# [What to work on]
Write out the line with "1 bedroom flat" and every later line through the end of the data below, exactly as given, with no pictures in the copy.

# # # # # # #

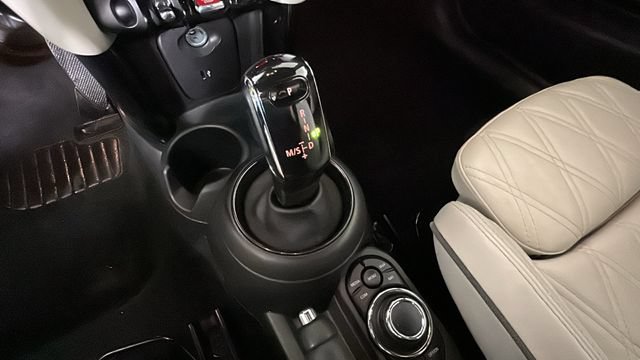 Used 2024 MINI Cooper S w/ Signature Upholstery Package FWD image 21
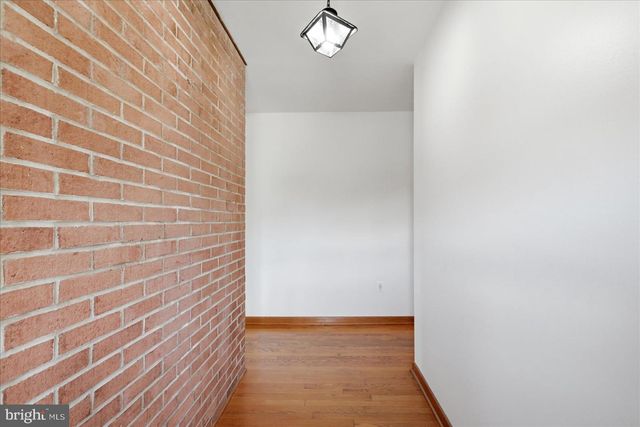 101 LOCUST AVE, Winchester, VA 22601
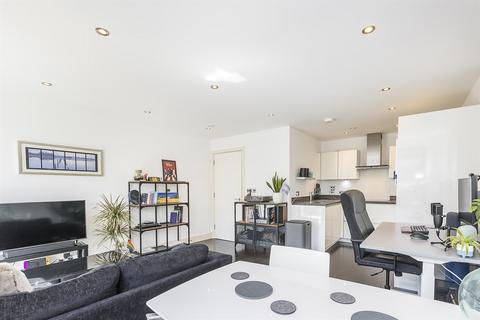 1 bedroom flat to rent, 37 Camden Road, London NW1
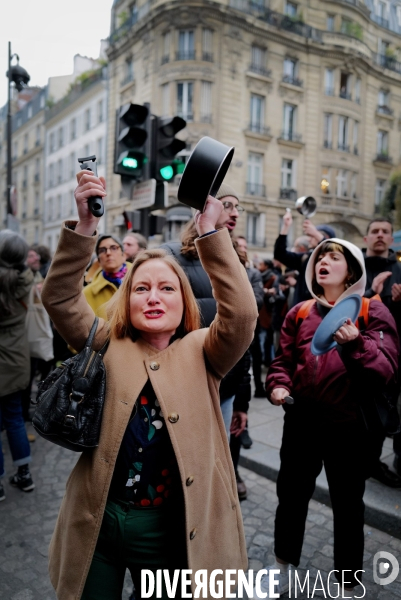 Concert de casserole en marge de l allocution d emmanuel macron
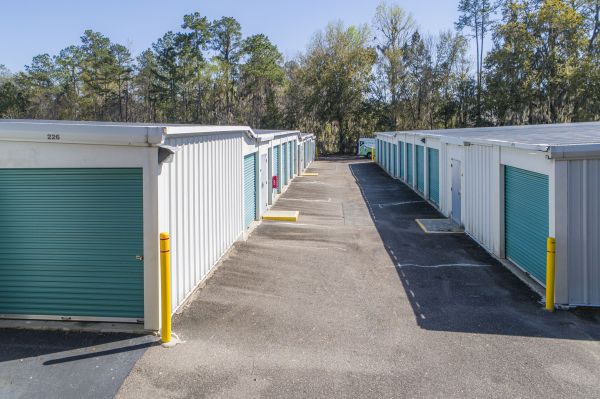 Devon Self Storage Gainesville, Florida - 4500 Southwest 41st Boulevard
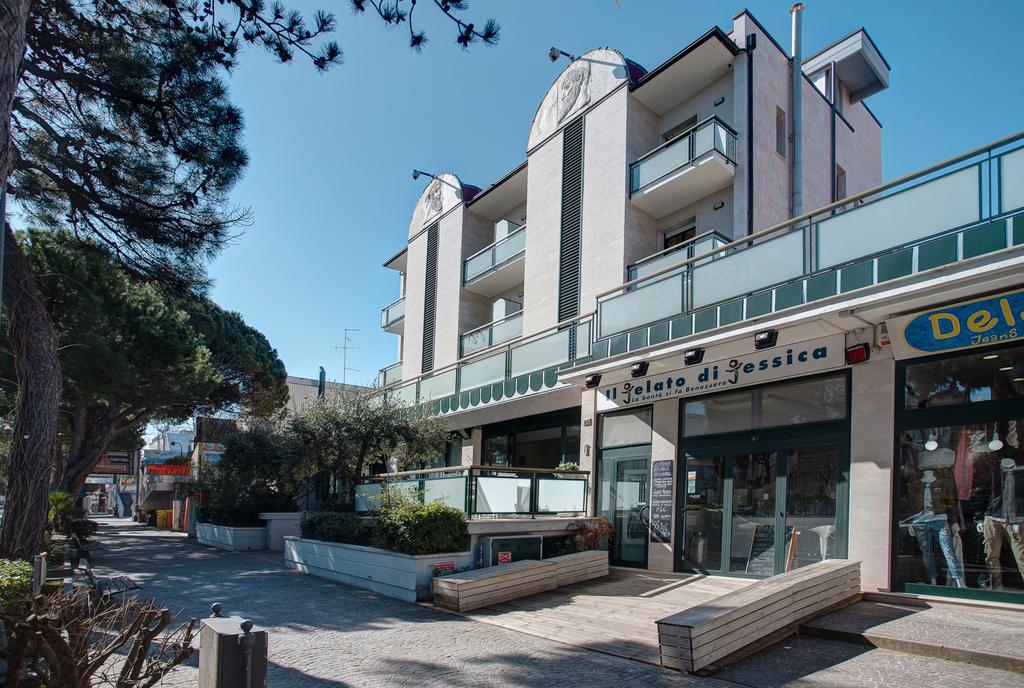 Hotel Zeus Cesenatico Kültér fotó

# # # # # # #

# [Response area]
 1 bedroom flat to rent, 37 Camden Road, London NW1
 Concert de casserole en marge de l allocution d emmanuel macron
 Devon Self Storage Gainesville, Florida - 4500 Southwest 41st Boulevard
 Hotel Zeus Cesenatico Kültér fotó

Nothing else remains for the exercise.